Jeromy and Justin, good to hear from you both. Guys, my question is just around this platform interaction volume that you referred to being up 41.3% over pcp, which looks like a great number. I'd just be keen to understand a little bit more about sort of what makes up that calculation and whether you would expect that number to continue to grow at that sort of rate on a pcp sort of basis or whether it's a particularly high growth in that platform interaction over the last quarter.
That's a really good question, George. It's our ambition to accelerate that rate of growth in terms of the interactions on the back of increasing utilization from our customers. So we would anticipate that this -- that, that kind of interactions activity will accelerate in terms of its growth. So -- but it's very encouraging to see this -- because it's sort of an indicator of how engaged our customers are with the platform in many respects. So -- but it's made up -- there are many contributing factors to the interactions.
Yes, sure. Do you guys look at your -- I guess your usage on a module-by-module basis across your customer base?
Module by module, channel by channel, region by region, yes. There's a lot of, yes, really super granular analysis of what's going on, users' context and trends within customers. The challenge we have -- it's always been a bit tricky, is we have such a diverse body of use cases and spread across a large number of different industries and regions. And there's -- we don't have enough statistical data in terms of groups of customer cohorts. We can't really provide reliable analysis about sort of growth trends and trajectories of utilization because they're so varied. I mean it's a great strength of the Whispir platform that we can support all these different communication challenges that organizations have. It is quite hard to be specific about profiles and some of these trends.
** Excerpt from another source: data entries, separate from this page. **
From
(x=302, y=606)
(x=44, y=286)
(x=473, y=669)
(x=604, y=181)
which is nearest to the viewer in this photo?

Yes, sure. I guess that question was sort of aimed at the sort of the development of the platform and the additional use cases and capabilities that you are developing over time versus sort of a core usage and a core growth of that -- and growth of that core usage as well over time. But it sounds like it's both really contributing to that overall interaction volume increase.
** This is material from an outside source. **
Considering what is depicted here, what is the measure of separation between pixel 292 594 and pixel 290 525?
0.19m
Yes, for sure. Yes. It's -- well, there's -- I think at that corner, you can see that a substantial amount of our growth comes from increased utilization. And that's borne out of a strong net -- the customer revenue retention numbers, which are really the engine of business. If you think about what's the fastest way to accelerate growth, you've got an installed base of awesome blue-chip customers that can all spend more because we have -- for those a relatively small share of their wallet. And so we've made substantial investment and we've quadrupled the size of our customer success function this quarter as we seek to provide more touch points and more support for our existing installed base to continue that increased utilization, which is borne out by those interactions. And that's when it gets really sticky. As soon as these customers get over 3 different use cases, they're nearly always renewing their contracts. And we build long-term, enduring relationships with these customers where usage over time increase as well.
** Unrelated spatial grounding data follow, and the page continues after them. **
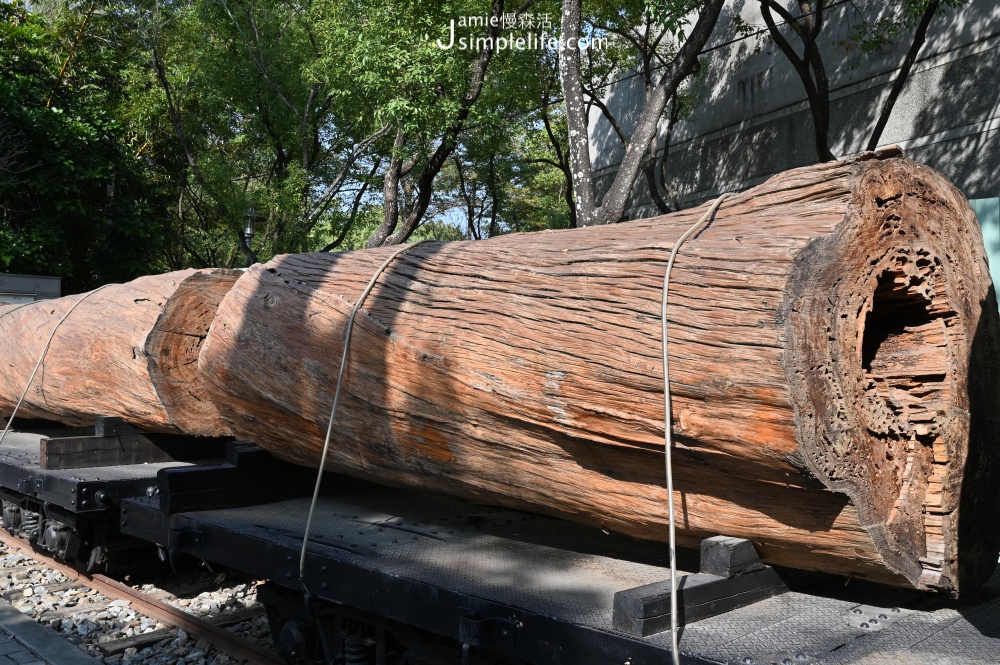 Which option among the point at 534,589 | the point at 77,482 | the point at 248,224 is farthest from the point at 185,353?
the point at 248,224

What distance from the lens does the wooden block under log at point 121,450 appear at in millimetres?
6129

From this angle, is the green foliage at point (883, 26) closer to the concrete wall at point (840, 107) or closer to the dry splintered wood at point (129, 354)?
the concrete wall at point (840, 107)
[Operator Instructions] There are no further questions at this time. I'll now hand back to Mr. Wells for closing remarks.
Well, thank you, everyone, for taking the time out of a really busy reporting period and week to hear the Whispir story. And look, we're thrilled to consistently deliver and meet our guidance and our expectations. We have made substantial investments in terms of improving quality and building capability in terms of our team. And it's a great pleasure to be able to report back a consistent delivery execution and to be so proud of the platform we have to support enduring growth over the years to come. Thank you very much.
Thank you. That does conclude the conference for today. Thank you for participating. You may now disconnect.